Korea

Why live in Korea?

1997-1998

korean flagIts hard to find an easy answer, but it has a lot to do with a combination of knowing I wanted to teach, wanting to travel the world, and wanting to apply my study of Linguistics and Anthropology to a radically different culture that I was interested in. I did “fieldwork” as anthropologists call it.

My interests in Asia have a lot to do with studying Suzuki Violin while growing up in Ohio before transferring to a high school in SE Los Angeles. It was my first experience with culture shock. I found that something like 50% of the students in my honors classes in LA were Korean-American despite composing less than ten percent of the school’s population.I knew I wanted to be a teacher when I was in high school, I studied anthropology and linguistics with the hope of teaching either History or English in a high school somewhere after graduation. Then while sitting in classes, I began dreaming of touring Asia before settling down at a school, so I began planning for a trip to Korea to teach English in a school there. I took two semesters of the language in school, found a recruiter for a school there and moved to Seoul for a year after graduating.

Life and Work in Korea

I lived in NonHyunDong, nearby the Kangnam station. It was a nice neighborhood, though not as ritzy as ApGuJong, where I worked. I worked full-time as an EFL teacher for pre-kindergarten students in the morning, then taught between four and six classes of elementary students in the afternoons.

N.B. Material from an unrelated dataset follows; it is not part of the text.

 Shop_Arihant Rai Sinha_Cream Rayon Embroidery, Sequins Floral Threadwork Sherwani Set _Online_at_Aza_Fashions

The name of the school I worked for was Wonderland. My teaching partner’s name for our morning class was Alice. I’m not making that up. While at Wonderland, as a teacher suffering through a haphazard curriculum, I realized the need for textbooks and materials that were engaging and effective. The learning objectives of the lessons were unclear to me as a teacher, and I imagine even more muddled for the students in our classes. It was in Korea that I first started thinking about Instructional Design.

Job Duties at Wonderland (1997-1998)

  • prepare for 35 teaching hours per week
  • teach classes six days a week
  • monthly student report cards for roughly 100 students

I left Korea to move to Taichung City, Taiwan.